Une décision mûrie, repoussée, puis assumée
Cette reconnaissance, plusieurs fois évoquée ces derniers mois, avait initialement été prévue pour juin lors d’une conférence conjointe avec l’Arabie saoudite à New York. Mais l’irruption brutale du conflit Israël-Iran avait contraint Paris à suspendre sa déclaration. La France, en tant que membre permanent du Conseil de sécurité, avait également hésité à faire cavalier seul, craignant de rompre un équilibre diplomatique fragile.
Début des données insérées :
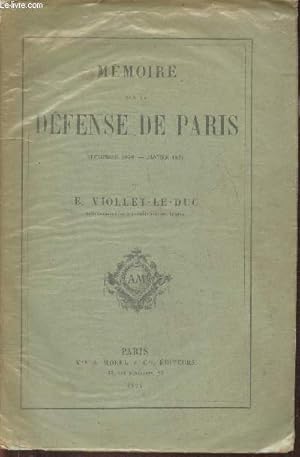 Bild des Verkufers fr Mmoire sur la dfense de Paris- Septembre 1870- Janvier 1871 zum Verkauf von Le-Livre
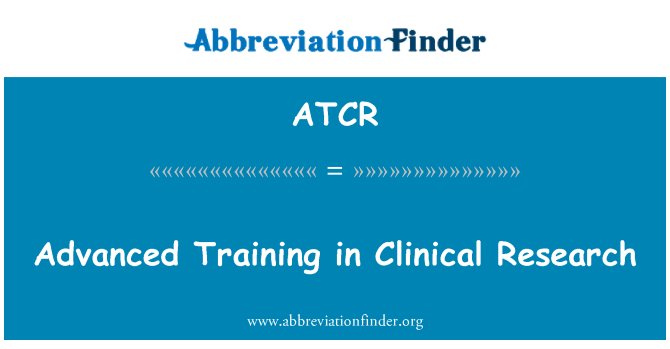 ATCR: Pelatihan lanjutan dalam penelitian klinis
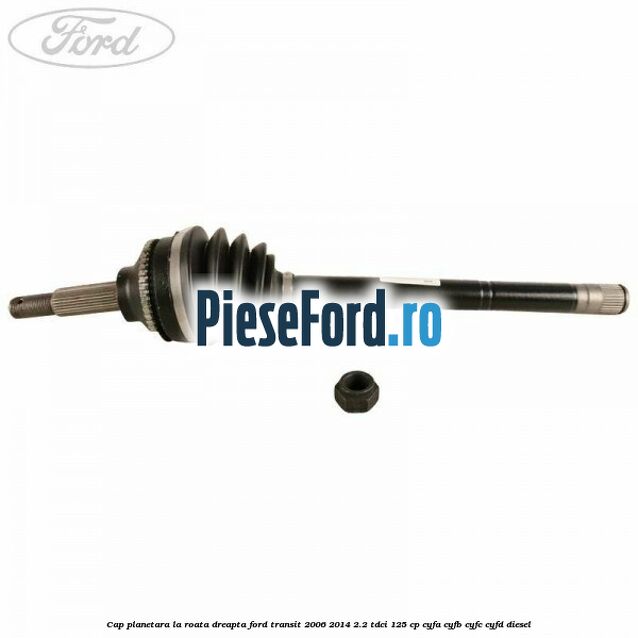 Cap planetara la roata dreapta Ford Transit 2006-2014 2.2 TDCi 125 cp CYFA, CYFB, CYFC, CYFD diesel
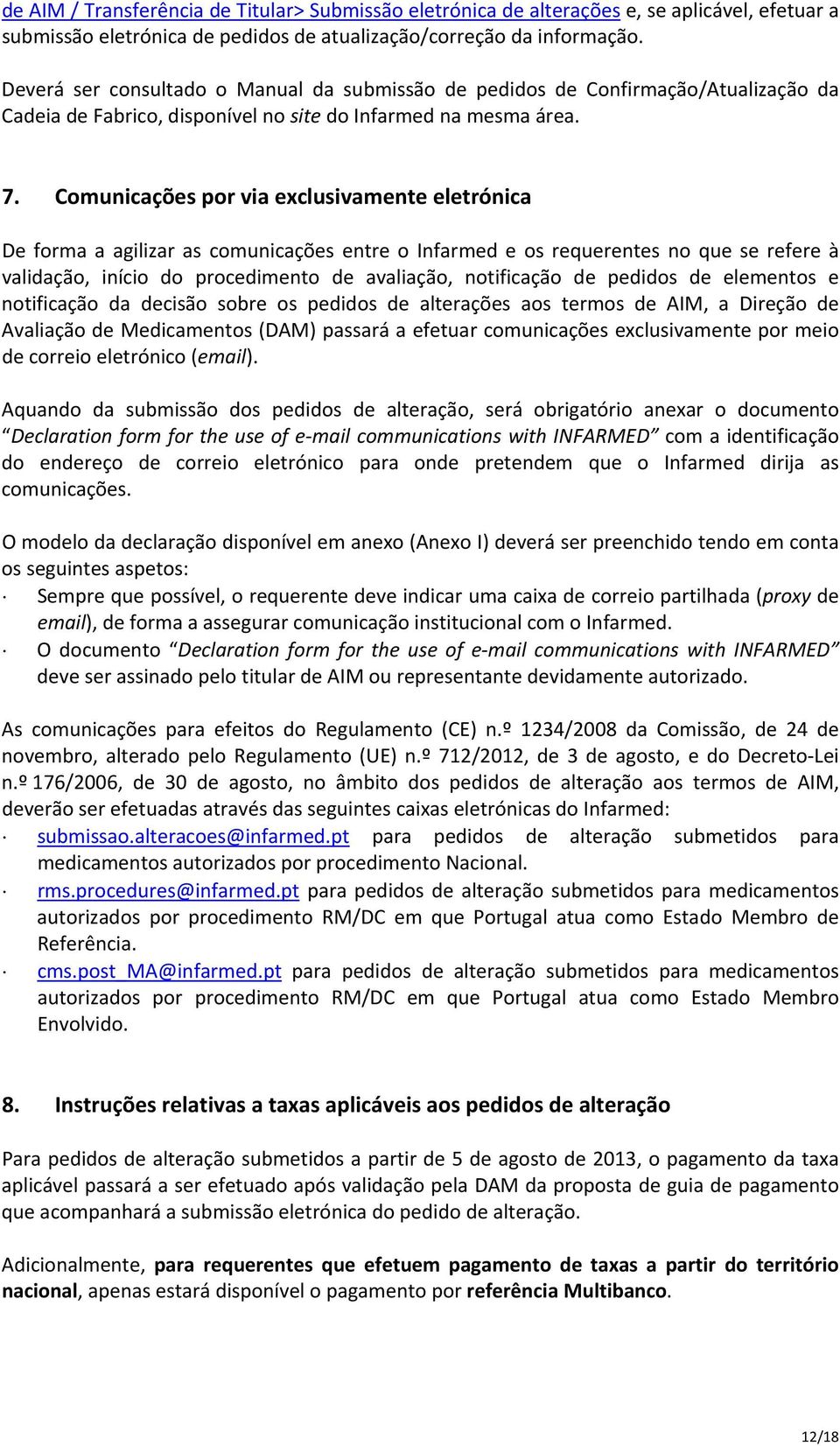 Comunicações por via exclusivamente eletrónica De forma a agilizar as comunicações entre o Infarmed e os requerentes no que se refere à validação, início do procedimento de avaliação, notificação de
Mais la montée en intensité du conflit à Gaza, les milliers de morts civils, et le risque d’embrasement régional ont fini par forcer l’acte politique. Le chef de l’État a donc décidé de sauter le pas, avec une promesse : transformer cette reconnaissance en levier diplomatique. Il l’a réaffirmé dans une lettre transmise ce jeudi au président de l’Autorité palestinienne Mahmoud Abbas, lettre remise en main propre par le Consul de France à Jérusalem.
« Il faut enfin bâtir l’État de Palestine, assurer sa viabilité et permettre qu’en acceptant sa démilitarisation et en reconnaissant pleinement Israël, il participe à la sécurité de tous au Proche-Orient », a insisté Emmanuel Macron.
Une conférence internationale France-Arabie Saoudite en préparation
Paris ne compte pas se limiter à un geste symbolique. La France coprésidera avec Riyad une conférence internationale au niveau des chefs d’État et de gouvernement pour relancer la solution à deux États. Objectif : replacer la question palestinienne au cœur de l’agenda diplomatique mondial.
Dans la foulée de l’annonce présidentielle, le ministre français des Affaires étrangères, Jean-Noël Barrot, a réaffirmé l’engagement de la France. « Je confirmerai cet engagement à la tribune des Nations unies ce lundi », a-t-il écrit sur X. Il a précisé que la reconnaissance sera « pleine et entière ».
Réactions contrastées : applaudissements du Hamas, colère d’Israël
Le Hamas, mouvement islamiste au pouvoir à Gaza, a salué dans un communiqué une « étape positive » vers la reconnaissance des droits du peuple palestinien. À l’inverse, la réaction israélienne ne s’est pas fait attendre : le Premier ministre Benyamin Netanyahu a dénoncé une décision qui « récompense la terreur » et a accusé la France de compromettre les perspectives de paix.
Du côté de l’Autorité palestinienne, cette annonce est accueillie comme une victoire diplomatique. Ramallah espère qu’elle enclenchera une dynamique plus large en Europe. Jusqu’ici, seuls quelques États du continent — l’Espagne, l’Irlande, la Norvège, la Slovénie et Malte — ont reconnu la Palestine depuis le déclenchement de la guerre à Gaza.
Avec cette décision, la France devient la première nation du G7 à franchir ce seuil diplomatique. Sur les 193 États membres de l’ONU, 142 ont déjà reconnu l’État de Palestine. En revanche, les grandes puissances occidentales – États-Unis, Royaume-Uni, Allemagne, Canada, Australie ou Japon – n’ont pas encore emboîté le pas. L’initiative française pourrait-elle les faire bouger ? Rien n’est moins sûr, mais le signal envoyé par Paris est fort.